• _GIVEN MATERIAL_
"""

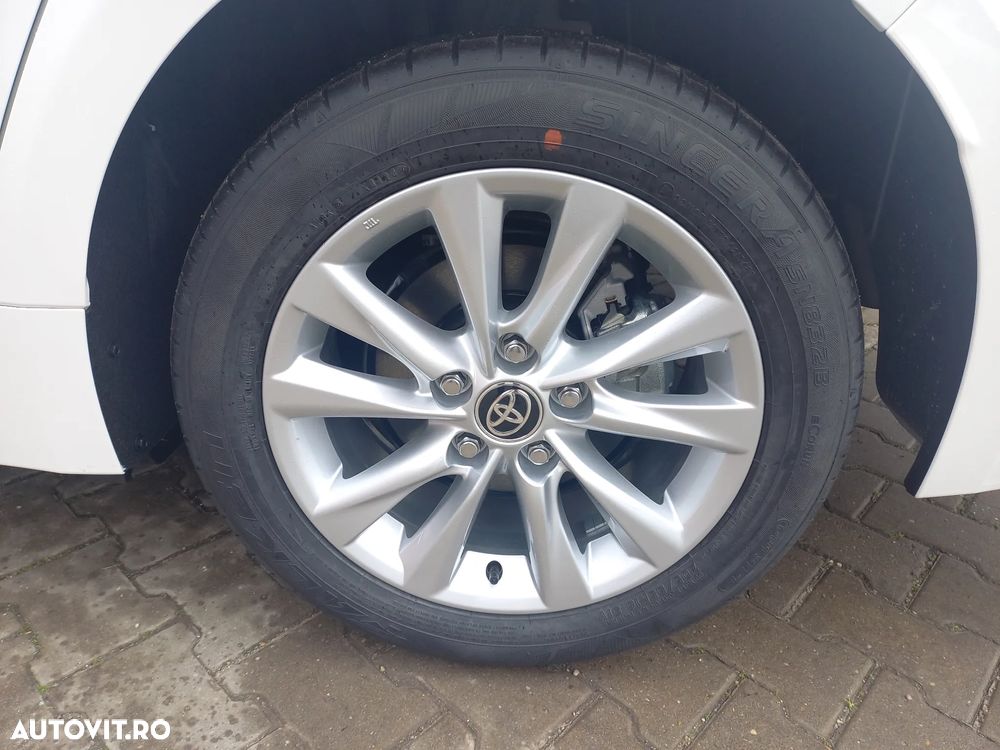 Toyota Corolla 1.8 HSD Business - 30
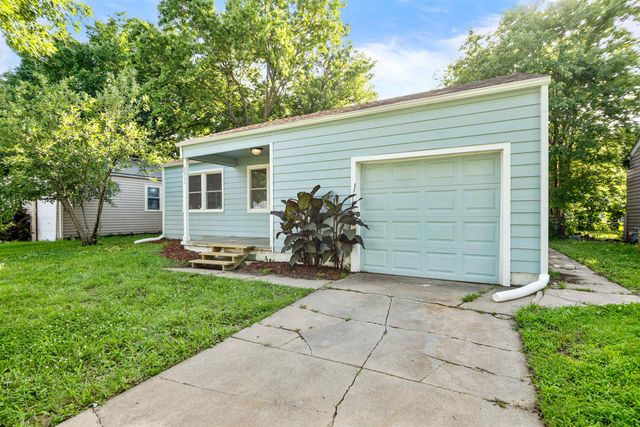 2511 S Victoria, Wichita, KS 67216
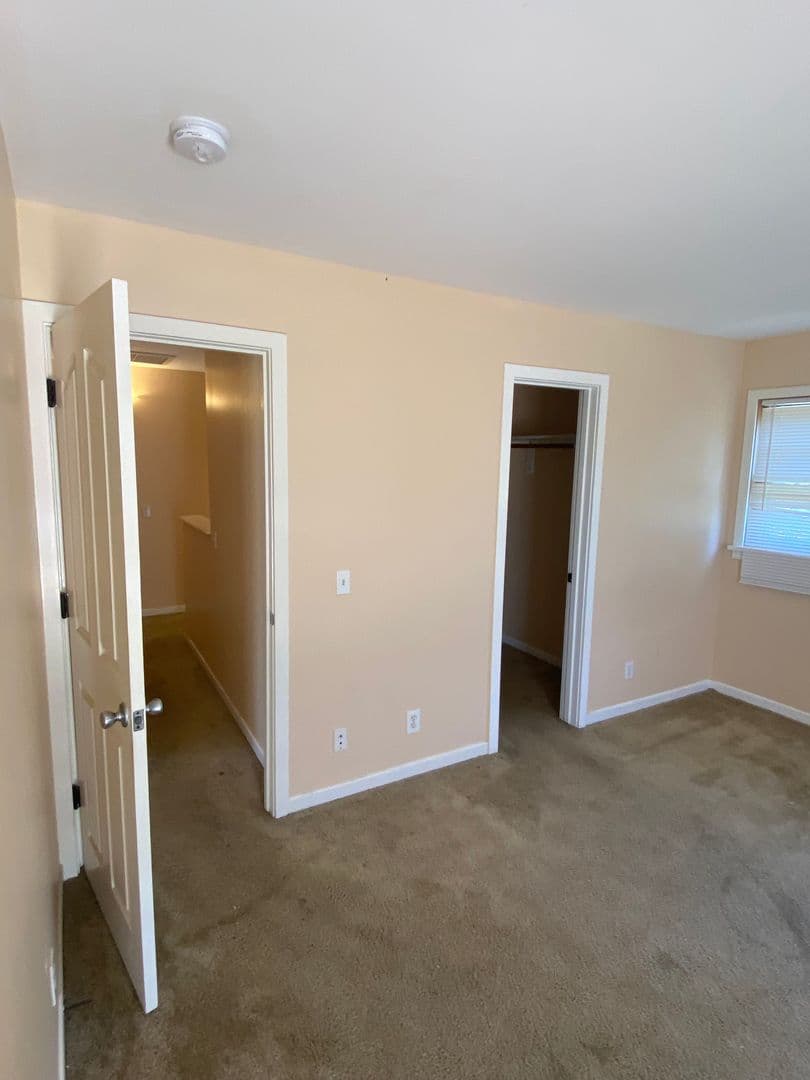 Goleta Apartment: 6736 Sueno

"""

• _WHAT THE TASK ASKS_
Would it be possible to give the material above again exactly, with the pictures left out?

• _FINISHED EXERCISE_
 Toyota Corolla 1.8 HSD Business - 30
 2511 S Victoria, Wichita, KS 67216
 Goleta Apartment: 6736 Sueno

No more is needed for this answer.